A little south of SOHO, Beijing’s cavernous new Fortune Mall echoed with the sounds of gunfire — a bored retailer was playing a loud video game during what was supposed to be the peak shopping period a week before China’s new year festival.
On the second floor, a lady in a red parka paced outside one of the several stores whose windows had been papered over. “They sold jade here. I was their part-time accountant. But they seem to have left and didn’t even tell me,” she said.
Amid the competition, one of Sanlitun’s mainstays, the Pacific Department Store, which was seen as ancient after its 10 years, closed its doors late last year.
Tianyi, a low-end mall in downtown Beijing, gave further evidence of a saturated marketplace. It was full of shoppers, but not quite as packed as in the past, according to store workers.

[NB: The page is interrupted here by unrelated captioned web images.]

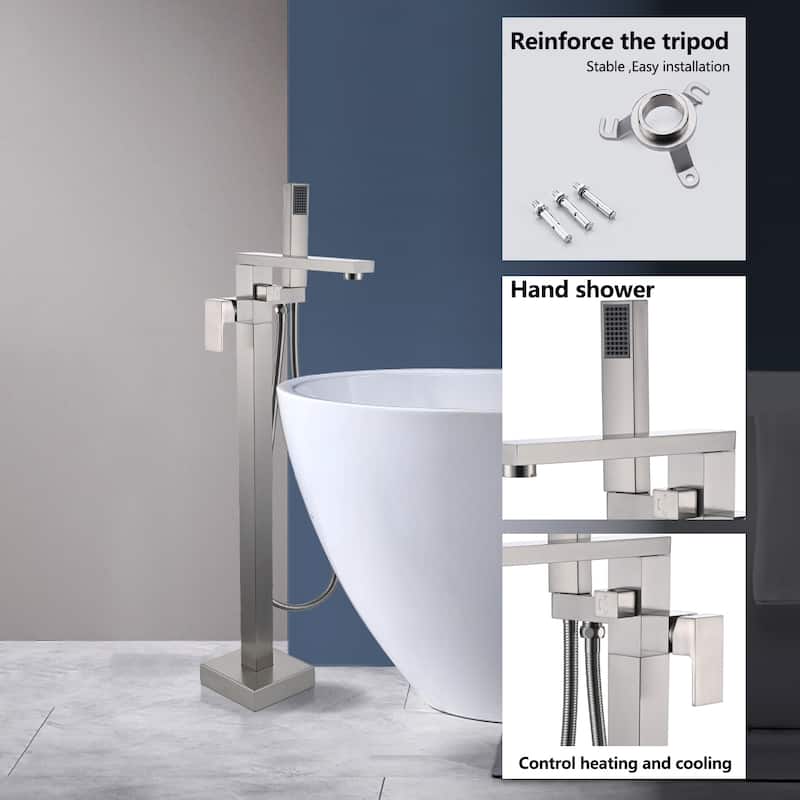 Topcraft Floor Mounted Bathtub Filler with Handheld Showerhead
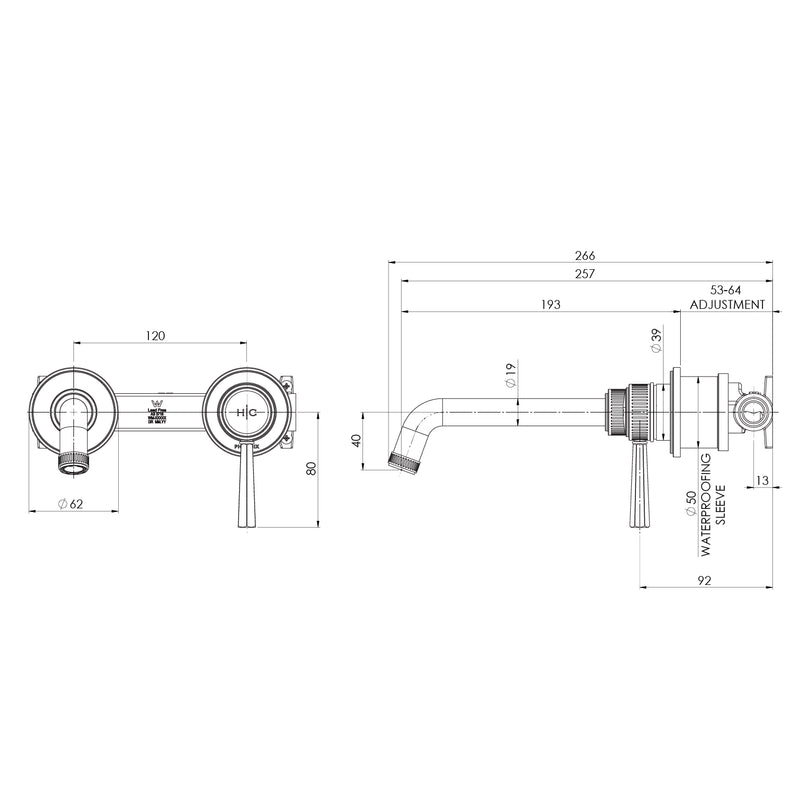 Phoenix Wiltern SwitchMix Wall Basin / Bath Mixer Set 190mm (Complete Kit) – Lead Free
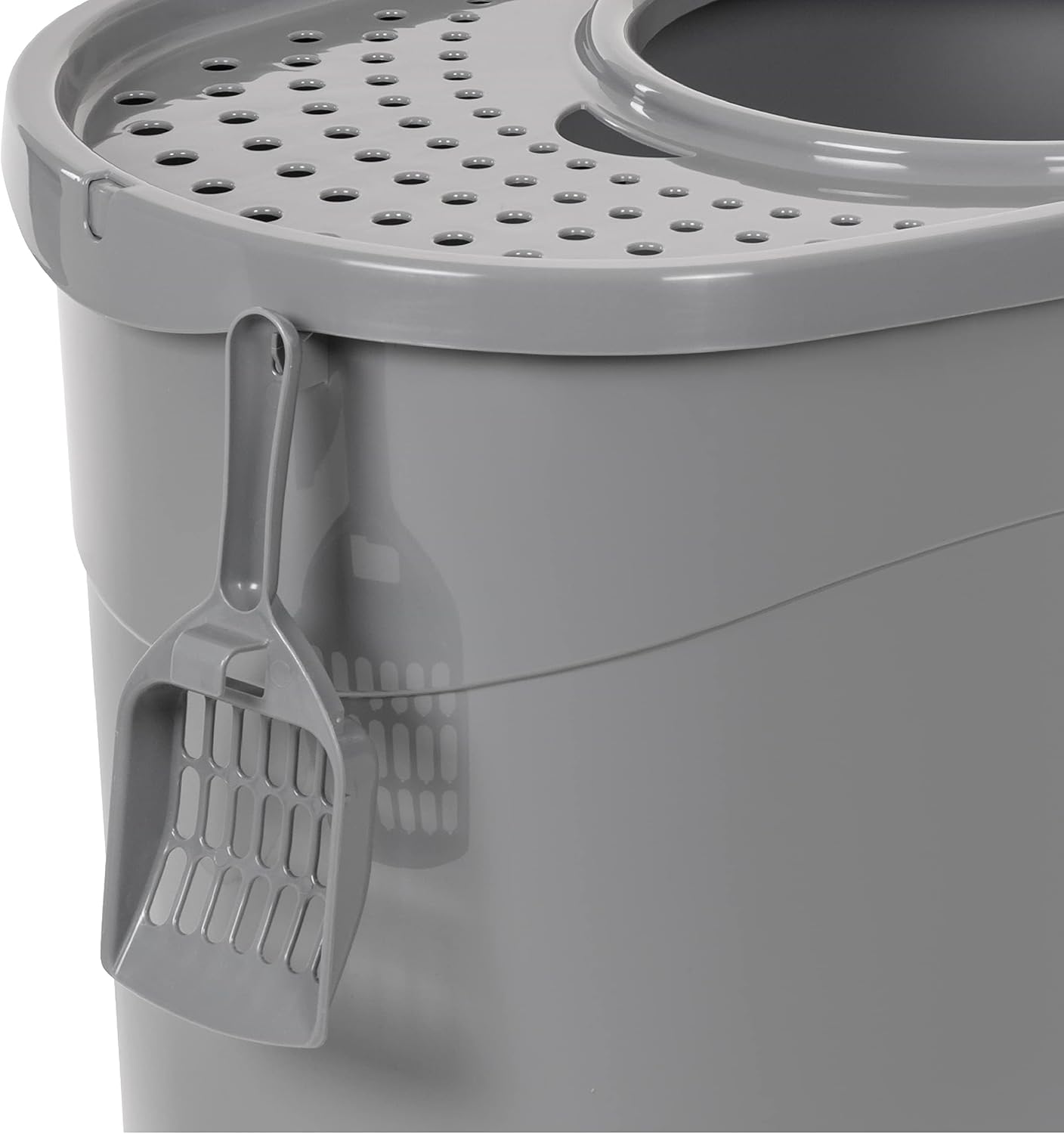 Amazon Basics Large Cat Litter Box with High Sides, Top Entry, Includes Scoop, 20.5 x 14.75 x 14.38 inches, Grey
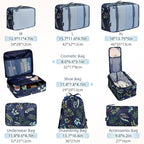 BAGAIL 8 Set Packing Cubes Luggage Packing Organizers for Travel Accessories-Navy Leaf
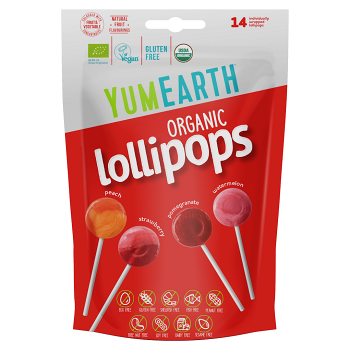 YUMEARTH Ovocné lízanky melón, jahoda, broskyňa a granátové jablko BIO 14 kusov (Lekárenské lízanky) - BIO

“We used to need two people, but now I can look after it myself and I have little to do,” said Mr Zhang, standing at a counter stacked with bathroom accessories.
The glut of retail space in Beijing is part of a broader trend. Guo Zengli, president of the Mall China Information Centre, said last year that the number of shopping centers nationwide would increase 893 percent between 2001 and 2015.
The developers are hoping that a new generation of Chinese consumers will spend far more, emboldened by rising wages and government efforts to build up the social security system. To a certain extent, they are correct.
“Whatever money I make, I spend ... we don’t have to worry about saving for old age like our parents,” said Jiang Qiong, 24, manager of a jewelry shop in Tianyi.
With shoppers like Ms Jiang, Chinese retail sales have risen about 17 percent annually for the past couple of years. The growth is impressive — but hardly enough to fill the 760 shopping centers that Mr Guo forecasts will open across China over the next three years.